- Born: 7 October 2005 Parsabad, Moghan, Iran
- Died: 25 November 2018 (aged 13) Iran
- Known for: Victim of the November 2018 protests in Iran

= Amirreza Abdullahi =

Iranian child killed in a protest (2005–2018)

Amirreza Abdullahi (October 7, 2005 – November 25, 2018) was an Iranian teenager and victim of the 2018 protests in Iran.

== Biography ==
Amirreza Abdollahi was born in 2006 in Parsabad, Moghan. In 2014, he migrated with his family—including his father, who worked as a construction plasterer—to Eslamshahr.

== Death ==
On 25 November 2018, on the second day of public protests against the increase in gasoline prices, Abdullahi left home for work. While passing near one of the areas where the protesters had gathered, he was shot by the security officers and died. After three days, Abdullahi's body was handed over to the family on 28 November 2018, and was buried in Parsabad, Moghan.

== Aftermath ==

Amirreza Abdollahi's family buried their son's body after three days. According to claims by some unspecified media outlets, the Abdollahi family had remained silent about their son's killing due to threats from security forces in case they spoke to the media.

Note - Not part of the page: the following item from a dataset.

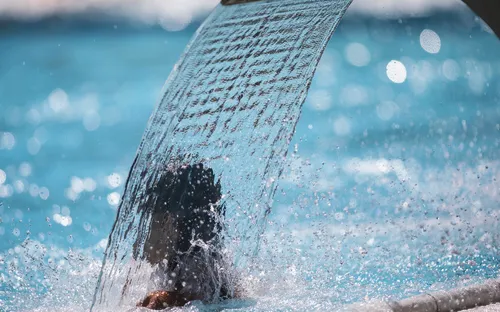 Wasserfall im Spa-Bereich eines Schwimmbads mit sprudelndem Wasser und entspannender Atmosphäre.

In December 2019, a group known as the "Justice-Seeking Teachers" claimed that they had the names of 19 students aged 13 to 18 who were killed during the November 2019 protests and published them; Amirreza Abdollahi's name was among these students.

On 12 December 2019, Ali Shamkhani, the Secretary of the Supreme National Security Council, met with Amirreza Abdollahi's family. During this meeting, he told the Abdollahi family: "We are from among you. We are servants of the people. Unfortunately, a bitter incident happened to our country. People’s protests over livelihood issues are natural and accepted. No one opposes people expressing their criticisms in various ways. Unfortunately, some foreign and opportunistic elements who are against the nation and Iran's independence took advantage of the people's protests."

According to claims by officials of the Islamic Republic of Iran, these shootings were carried out by hostile forces, and the bullets fired did not belong to the security forces.